Do you like books? Yes? Well, then you should stop reading right now. If you don’t like books, you can continue to read. If you ever wanted to know everything about America’s culture, from their sex life to their immigrants, that knowledge is now available. No, it is not available through history books or the stories your grandfather tells every year on Columbus Day. The culture of the United States is detailed through “I Am America (And So Can You!),” Stephen Colbert’s first book.
Colbert starts off the book with the retelling of his earliest childhood memories-when he thought his parents were leaving him for his babysitter, and when he went to the zoo and saw two rhinos get frisky with each other. From there, he dives right into the nuclear family of America, breaking it down from mating to dysfunctional families to divorce.
For the elderly, Colbert includes a page of stickers to help them remember important parts of the book that they liked. There are blocks of texts in 30-pt font that Colbert wants them to read. For example, “our elders are a precious resource.”
There is a chapter on sex and dating, but Colbert covers his young readers by having a “Sex And Dating Chapter Pledge for Unwed Youth,” to be signed by a parent or guardian. The pledge states that a young unwed adult will not have sex until marriage.
To include the diverse, growing population of America, Colbert has a chapter titled “Homosexuals (Do Not Read By Glowstick Light),” as well as “Immigrants (No Way Jose),” and “Science (Thanks for the Nukes, Now Go Away).”
The homosexual chapter includes an interactive maze to find out if you are gay or not, along with an essay from a reformed homosexual.
“If there’s a bigger contributor to left-wing elitist brainwashing than colleges and universities, I’d like to see it,” says Colbert in his introduction to the chapter on education. Colbert goes to use the Unabomber as an example of what can happen when achieving a degree can be dangerous.
Colbert gets away with exploiting or poking fun at one group of people by having chapters that cover everyone. There is no one that he does not make fun of in “I Am America (And So Can You!).” While Colbert’s TV show is mainly political and current events based, his book covers everyday truths about Americans.
Colbert’s “I Am America (And So Can You!)” is a refreshing, clever look at America’s culture and lifestyle. Though it is 230 pages long, it is filled with bulleted sections, spot color, diagrams, cartoons, mazes and margin notes. Similar to how Colbert gains attention from audiences through his humorous and colorful twist on hard news stories in his TV show on Comedy Central, “The Colbert Report,” his book will likely have the same effect on making a serious topic easy to digest by a wide variety of people. Colbert’s book is like viewing his show through written form. It is an extended and organized version of his comedic show. At the end of reading this book, you can also deem books with “the Stephen T. Colbert Award for The Literary Excellence” with the included page of medallion stickers.

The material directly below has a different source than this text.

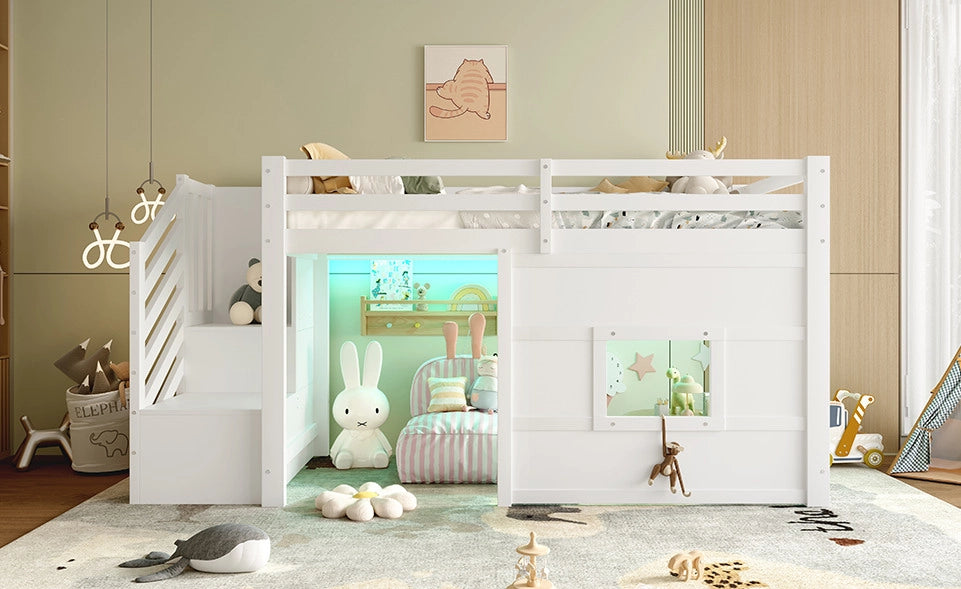 Letto a soppalco 90x200 cm bianco con scala contenitore e finestra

Though it is hard to pull off a comedic tone throughout an entire book without the reader growing tired of it, Colbert uses his same wit in his T.V. show as he does in this book.
Fans of another tongue-in-cheek book on pop culture, “Sex, Drugs, and Cocoa Puffs” (Chuck Klosterman), will find “I Am America (And So Can You!)” equally amusing and truthful about Americans. This book focused mainly on music, television, movie and media influences, and how they impacted on the way people act in their real lives. Colbert’s book covers more diverse groups of Americans, however, than Klosterman did in his book, and Colbert’s book has margin-notes, which means that it is automatically better.
Joining the ranks of Hillary, Obama, Dennis Kucinich, and Ron Paul, Colbert has recently announced that he will run for president. Colbert has even beat these other candidates in polls. It is proof that a sharp, comedic approach to serious topics is the best way to get people to listen.